Normandy, Columbia move ahead with $300M Greenwich Village office building

Partners finalize joint venture, land $187M construction loan from Apollo

Oct.October 04, 2018 11:45 AM

From left: Apollo Global’s Leon Black, Columbia Property Trust’s Nelson Mills,  Normandy’s Finn Wentworth, and a rendering of 799 Broadway (Credit: Milken Institute via YouTube, Columbia Property Trust, and Normandy Real Estate Partners)

Development plans are moving forward for the latest office building to rise in Greenwich Village.

Normandy Real Estate Partners and Columbia Property Trust finalized their joint venture for their $300 million office development at 799 Broadway, and landed a $187 million construction loan from Apollo Commercial Real Estate Finance, the partners said Thursday.

The 12-story, 182,000-square-foot project would be the first new office building developed in the neighborhood since since Edward Minskoff’s 51 Astor Place. Sources said Normandy and Columbia have not yet secured an anchor tenant, and are moving forward with the project on spec.

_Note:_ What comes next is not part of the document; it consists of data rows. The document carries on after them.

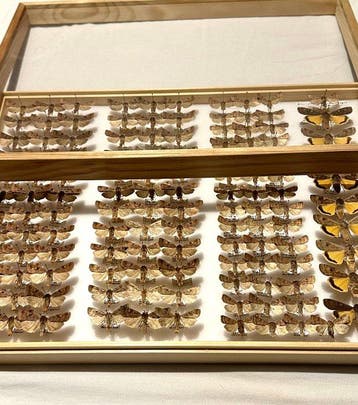 Grote historische collectie van 125x Nachtvlinders, Nieuw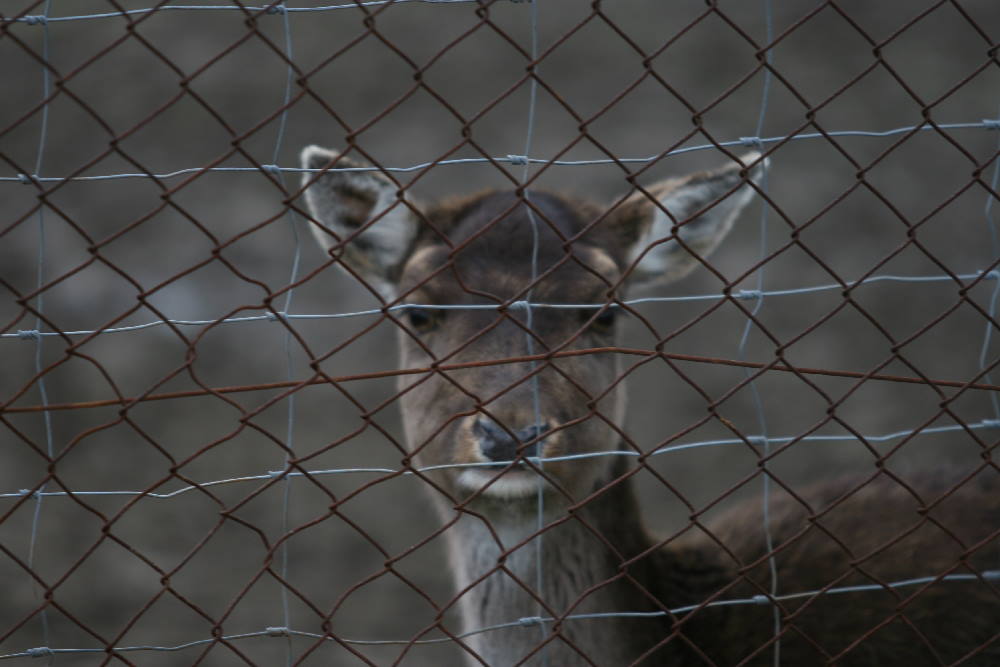 Hinter Gittern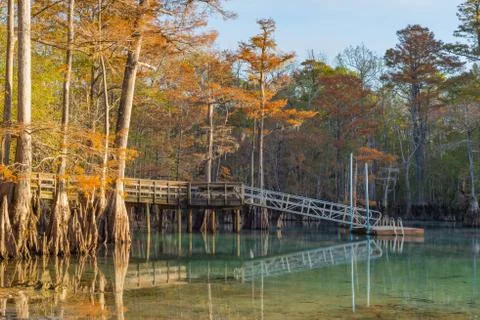 Swimming Platform at the Springs Stock Photos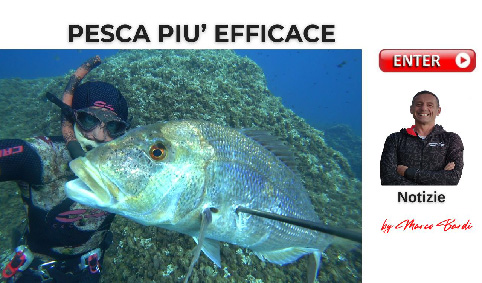 bottone pesca efficace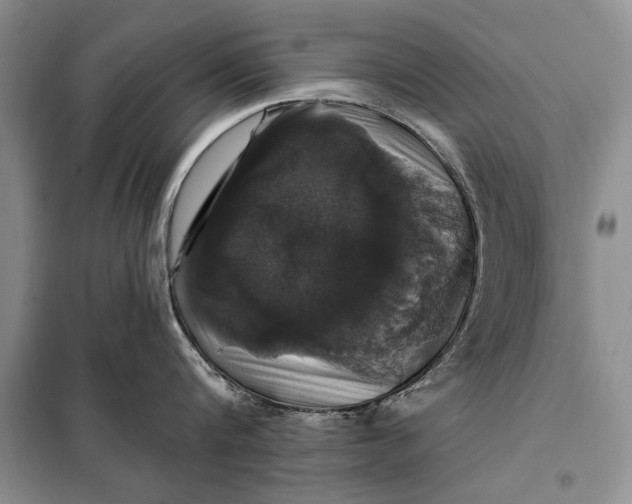 X0000098010816200804181133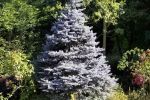 Christmas-tree.jpg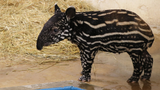 MNZoo-Tapir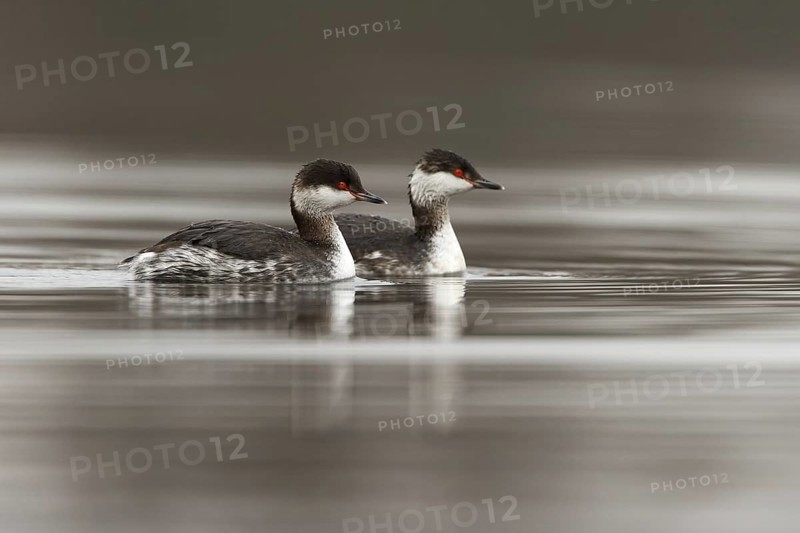 Horned Grebe (Podiceps auritus), South Holland, Netherlands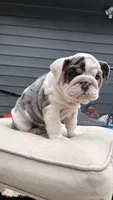 Elsa, a female English Bulldog for sale in Menomonee Falls, WI – 5 of 10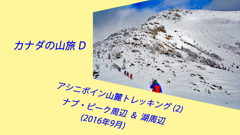 カナダの山旅 D アシニボイン山麓トレッキング(2) ：2016(1)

Atlanta-based Columbia Property Trust closed on its purchase of a 50-percent stake in the development site, acquiring it from Normandy’s previous partner, Ares Management. Columbia’s equity stake in the site of the former St. Denis Hotel is valued at $142.5 million.

Newmark Knight Frank’s Dustin Stolly arranged the financing on behalf of the JV partners with his colleagues Jordan Roeschlaub, Nick Scribani and Chris Kramer.

Dustin Stolly and Jordy Roeschlaub

Work has already started at the construction site at the corner of Broadway and East 11th Street, and the building is expected to be completed by the summer of 2020.

Normandy and Columbia will target rents in the are of $140 to $160 per square foot. JLL is handling the leasing.

Cushman & Wakefield’s Adam Spies, Adam Doneger, Kevin Donner and Josh King represented Normandy and Ares in the sale of the partial stake to Columbia.

Doug Harmon and Adam Spies

It will be one of the few ground-up, Class A office buildings in Greenwich Village, and comparable to the 51 Astor Place building Minskoff developed in 2013.

That building has been derisively referred to by some as the “Death Star,” criticized as out of character for the neighborhood. But it has also been seen as setting a new benchmark for 21st century office space.

Normandy’s other office project in the area, the repositioning of the former ABC Carpet headquarters at 888 Broadway, has attracted tenants such as the Australian software company Atlassian and Netflix.